On Thu, Oct 12, 2000 at 04:48:55PM -0700, lamont@icopyright.com wrote:
>
> if you aren't comfortable with dropping a lot of the 2.2.18preX stuff onto
> a production box, there is also the 2.2.18pre2aa2 kernel that andrea made

2.2.18pre2aa2 should be kind of rock solid (the only problem it has
as every other rawio capable kernel out there is rawio so if you don't use rawio
you're just fine for using it in production).

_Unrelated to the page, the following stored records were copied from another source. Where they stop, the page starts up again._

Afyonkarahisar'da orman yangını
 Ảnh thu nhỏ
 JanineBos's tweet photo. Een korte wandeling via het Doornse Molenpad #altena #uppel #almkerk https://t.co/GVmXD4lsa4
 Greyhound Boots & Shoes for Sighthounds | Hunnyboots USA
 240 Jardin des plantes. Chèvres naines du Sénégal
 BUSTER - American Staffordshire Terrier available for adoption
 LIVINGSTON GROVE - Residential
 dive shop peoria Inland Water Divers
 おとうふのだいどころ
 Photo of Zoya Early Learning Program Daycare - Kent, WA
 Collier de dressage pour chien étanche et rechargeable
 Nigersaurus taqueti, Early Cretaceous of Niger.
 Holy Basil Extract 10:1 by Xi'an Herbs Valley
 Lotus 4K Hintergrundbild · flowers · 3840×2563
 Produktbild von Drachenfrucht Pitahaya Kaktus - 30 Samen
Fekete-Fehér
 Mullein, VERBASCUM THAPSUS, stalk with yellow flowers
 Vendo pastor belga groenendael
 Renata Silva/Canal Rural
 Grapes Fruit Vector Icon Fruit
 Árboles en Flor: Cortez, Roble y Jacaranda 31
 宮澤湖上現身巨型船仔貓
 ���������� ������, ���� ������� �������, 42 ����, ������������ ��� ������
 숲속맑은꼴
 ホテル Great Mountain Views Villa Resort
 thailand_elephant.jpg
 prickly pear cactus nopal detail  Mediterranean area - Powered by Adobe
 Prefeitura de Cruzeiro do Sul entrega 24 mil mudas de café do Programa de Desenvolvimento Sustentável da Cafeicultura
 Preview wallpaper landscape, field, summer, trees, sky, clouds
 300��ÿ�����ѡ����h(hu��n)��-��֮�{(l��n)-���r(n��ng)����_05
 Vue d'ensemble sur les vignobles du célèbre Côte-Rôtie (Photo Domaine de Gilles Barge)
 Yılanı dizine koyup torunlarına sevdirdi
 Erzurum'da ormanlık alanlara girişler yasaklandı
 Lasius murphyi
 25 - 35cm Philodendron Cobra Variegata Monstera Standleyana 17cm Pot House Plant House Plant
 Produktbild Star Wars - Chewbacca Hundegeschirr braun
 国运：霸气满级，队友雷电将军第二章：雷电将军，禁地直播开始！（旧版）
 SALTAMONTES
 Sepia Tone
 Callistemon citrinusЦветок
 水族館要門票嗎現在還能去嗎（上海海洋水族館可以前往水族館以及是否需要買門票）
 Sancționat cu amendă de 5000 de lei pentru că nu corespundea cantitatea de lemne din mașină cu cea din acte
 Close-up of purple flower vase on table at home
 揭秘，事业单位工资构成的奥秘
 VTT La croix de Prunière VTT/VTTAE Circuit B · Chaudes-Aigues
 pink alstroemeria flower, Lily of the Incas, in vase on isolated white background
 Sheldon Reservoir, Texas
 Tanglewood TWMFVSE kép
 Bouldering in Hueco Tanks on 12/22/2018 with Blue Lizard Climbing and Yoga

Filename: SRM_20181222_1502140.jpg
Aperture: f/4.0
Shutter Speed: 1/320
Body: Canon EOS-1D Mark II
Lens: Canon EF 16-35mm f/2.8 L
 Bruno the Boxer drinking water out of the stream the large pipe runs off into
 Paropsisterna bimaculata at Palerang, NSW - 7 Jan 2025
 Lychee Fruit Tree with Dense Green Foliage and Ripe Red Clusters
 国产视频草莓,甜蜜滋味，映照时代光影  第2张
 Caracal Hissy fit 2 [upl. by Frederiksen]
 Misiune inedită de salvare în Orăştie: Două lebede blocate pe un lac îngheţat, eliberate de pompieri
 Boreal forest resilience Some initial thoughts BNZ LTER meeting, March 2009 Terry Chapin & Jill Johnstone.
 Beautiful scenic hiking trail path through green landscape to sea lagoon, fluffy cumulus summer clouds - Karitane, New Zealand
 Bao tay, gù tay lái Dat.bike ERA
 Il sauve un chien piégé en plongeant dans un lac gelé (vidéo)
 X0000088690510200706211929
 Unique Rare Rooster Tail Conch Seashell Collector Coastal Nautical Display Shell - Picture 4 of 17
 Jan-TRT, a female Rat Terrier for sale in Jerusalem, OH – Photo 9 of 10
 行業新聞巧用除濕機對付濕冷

The latest aa patchkit (2.2.18pre15aa1) also fixes the couple of severe rawio
bugs that can generate memleaks in SMP memory corruption and a deadlock
condition that leads to processes unkillable in D state. Obviously nobody
before me ever used rawio to read from disk to a completly swapped out area.
The swapped out buffer case is the one that two of those bugs trivially (just
after one second of runtime the task goes in D state) but if the machine is
under a little memory pressure bad things could happen anyways (infact the
reason I looked into it the first time was a bugreport about 2.2.18pre2aa2
using a real DBMS on a 256Mbyte RAM machine under some memory pressure, the
kernel was returning -EFAULT and writing error messages).

The fix also reduces the number of times the kernel walks pagetable
for each page that we read/write from/to (it reduces from two walks to
1 walk in the common case where the page is just mapped in memory).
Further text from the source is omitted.